The reason why most people would be interested in and concerned with exponential smoothing (ES) is that it is an effective forecasting technique.

So, with that in mind, I want to discuss two automatic forecasting programs – Forecast Pro and Hyndman’s Forecast program for R – applied to a monthly time series for public construction spending in the US. I do this more or less “black box” in that I am not spending a lot of time on the underlying theory – which is basically a state space model framework – but focus on the process of getting the forecasts and their comparison.

I am testing these programs with a backcasting exercise. Thus, the data for this time series, available from FRED begin January 1993 and extend through May 2014. However, I only use data up to May 2010 to develop forecasting models with these programs. Then, I can compare the forecasts from the models with actual values. So instead of forecasting, you might say I am backcasting. Sometimes this is also called retrodiction, in contrast to prediction.

FREDCS

My plan is to feed both programs data up to and including May 2010, in order to forecast values for the next 24 months.

Forecast Pro

Data input is the first step, and this can be accomplished with Forecast Pro by means of an Excel spreadsheet. There are requirements for how you lay out the data. Basically, the first column, below the first six rows, can contain dates. The first time series is placed in the second column, after noting its name and description, the starting year, starting period (month, quarter, etc), periods per year, and any information on cycles. Then, of course, you store the spreadsheet in a directory where the program can pick it up – but all that is covered in the Forecast Pro manual.

Here’s what the program panel looks like, after you trigger the automatic forecasting procedure (click to enlarge).

FPro

So basically you see a graph of the historic data you are feeding into the program. If you look down to Model Details you will see that expert selection picked a multiplicative Winters linear trend, multiplicative seasonality model. The estimated parameters are then given.

Above this, under Expert Analysis, the screen tells you that it looked at both Box-Jenkins (ARIMA) and ES models, picking the ES model based on out-of-sample tests.

Further down on this screen (not shown), the program lists the forecasts, which are graphed with confidence intervals above (shown).

I’ll discuss these forecasts, but first let me say a few words about the Hyndman R Forecast package analysis.

The Hyndman R Forecast Package

R is very big in some of the enterprise IT outfits. I have friends, for example, who view it as essential, and who have helped me recently come up to speed, to an extent, in using it.

After some fumbling around, I settled on running my R programs in R Studio. There is something called the Comprehensive R Archive Network (CRAN) with important open source R programs. Hyndman et al have their Forecast program listed there, and it pops up in R Studio, which is hugely convenient.

Again, there is an issue of data input. In this case, correctly positioning a csv spreadsheet file works well.

The R code I used to generate ES forecasts is as follows:

R

Note I screw up the spelling of ExponentialSmooth in naming the subdirectory.

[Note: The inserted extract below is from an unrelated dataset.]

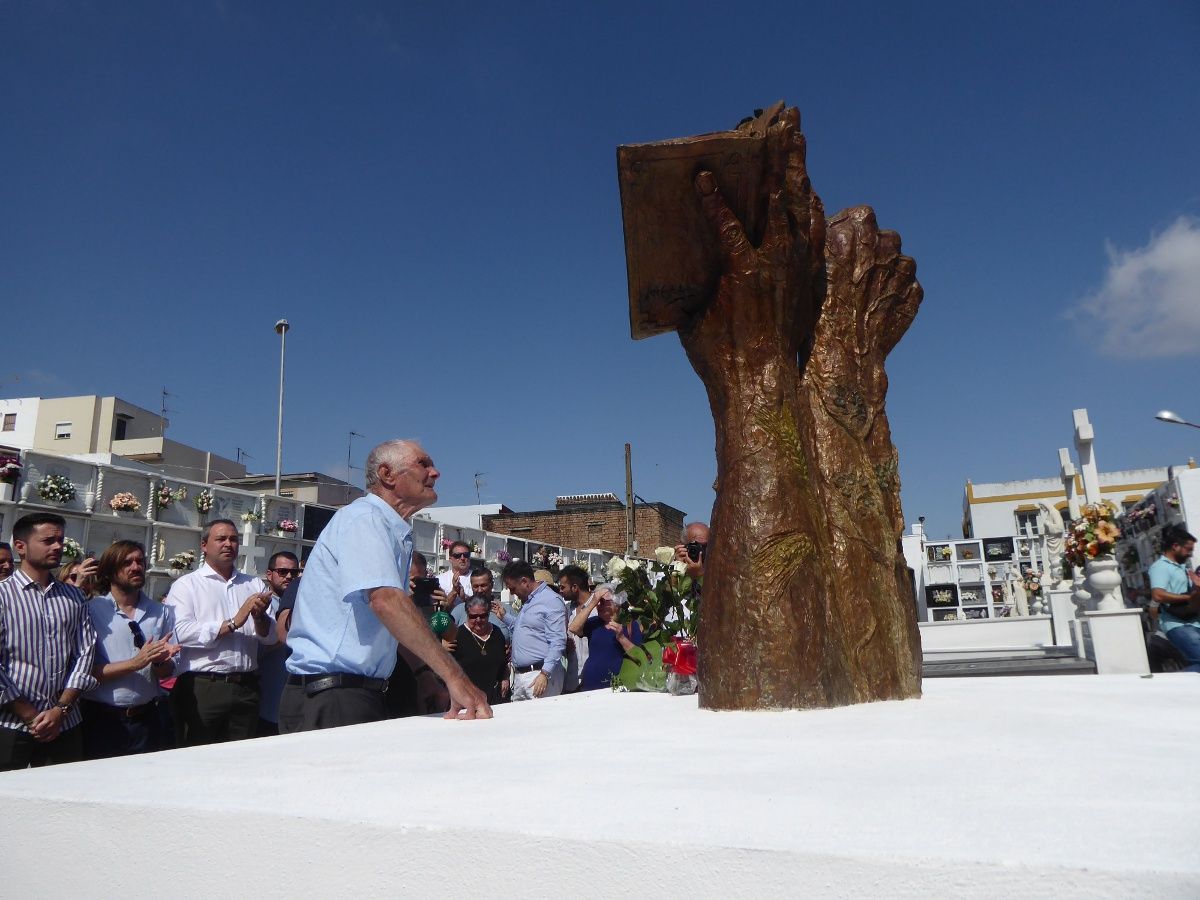 Luis Vega observa la escultura realizada en el cementerio de Paterna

Oh well.

So after you import the csv file with the read command, you convert it to a time series format. Then, you can apply the operation ets(.) to the time series file, producing the parameters of the optimal ES model, based on comparisons of Akaike information criteria from the maximum likelihood estimations used to calculate the parameters of all the models.

Forecast selects ETS(M,Ad,M) as the optimal model. This indicates an additive trend is used, but is damped, and that the seasonal effects are multiplicative – more or less as in the Forecast Pro analysis.

The Forecasts

I called for 24 months of forecasts from both programs.

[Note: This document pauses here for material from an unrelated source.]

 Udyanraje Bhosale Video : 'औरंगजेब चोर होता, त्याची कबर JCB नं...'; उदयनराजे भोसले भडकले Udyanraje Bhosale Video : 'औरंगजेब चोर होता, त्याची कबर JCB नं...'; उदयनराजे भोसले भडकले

Here is a table comparing the forecasts from both packages with the actual values of this public construction time series.

TableFPH

The Hyndman et al R Forecast package produces significantly lower Mean Absolute Percentage Error (MAPE) than Forecast Pro in these forecasts – 2.9% compared with 4.9%.

Here is a chart comparing the absolute percent error by month over the forecast horizon.

compRFP

Conclusions

This particular example is a case of random selection. I really have not run other forecasts with this data and these two models, except for actual future projections. So it’s interesting that an explicitly damped linear trend applied to these data generates a superior forecast to whatever it is that Forecast Pro does.

But readers should be aware that, in many instances, Forecast Pro can slightly outperform the R Forecast program, as Hyndman and coauthors document in a critical paper on this automatic forecasting setup in R.

However, the performance of the two programs is very similar.

In general, I would suggest that non-mathematical users, or folks not used to developing computer programs, stick with Forecast Pro, probably getting the company or organization you work for to pony up several hundred to several thousand dollars to get what you need for the scale of the forecasting problem at hand. Incidentally, I should be getting commissions for boosting this program, as often as I do, but I have no connection with the company.

For more mathematically sophisticated users, I strongly recommend getting up to speed on the R Forecast package and other R packages.

Both would be nice to use together. The R programs can support an interesting research effort, doing all sorts of clever things like fitting splines to the data, boosting, and bagging. Forecast Pro on the other hand is great if you have to produce a large number of forecasts and do not have time to dwell too much on the details of each series.